EXERCISE DIRECTIONS: Please return the whole listing exactly.

THE DATA:
Segment Open
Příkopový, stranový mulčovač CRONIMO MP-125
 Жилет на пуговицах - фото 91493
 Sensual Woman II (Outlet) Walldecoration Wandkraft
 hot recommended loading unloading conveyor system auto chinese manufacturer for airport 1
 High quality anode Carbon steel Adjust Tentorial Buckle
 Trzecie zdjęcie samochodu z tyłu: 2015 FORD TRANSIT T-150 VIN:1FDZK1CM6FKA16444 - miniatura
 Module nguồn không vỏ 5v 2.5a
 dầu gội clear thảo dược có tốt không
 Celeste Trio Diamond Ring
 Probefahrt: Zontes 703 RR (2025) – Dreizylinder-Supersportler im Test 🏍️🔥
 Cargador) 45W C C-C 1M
Segment Closed
YOUR RESPONSE:
Příkopový, stranový mulčovač CRONIMO MP-125
 Жилет на пуговицах - фото 91493
 Sensual Woman II (Outlet) Walldecoration Wandkraft
 hot recommended loading unloading conveyor system auto chinese manufacturer for airport 1
 High quality anode Carbon steel Adjust Tentorial Buckle
 Trzecie zdjęcie samochodu z tyłu: 2015 FORD TRANSIT T-150 VIN:1FDZK1CM6FKA16444 - miniatura
 Module nguồn không vỏ 5v 2.5a
 dầu gội clear thảo dược có tốt không
 Celeste Trio Diamond Ring
 Probefahrt: Zontes 703 RR (2025) – Dreizylinder-Supersportler im Test 🏍️🔥
 Cargador) 45W C C-C 1M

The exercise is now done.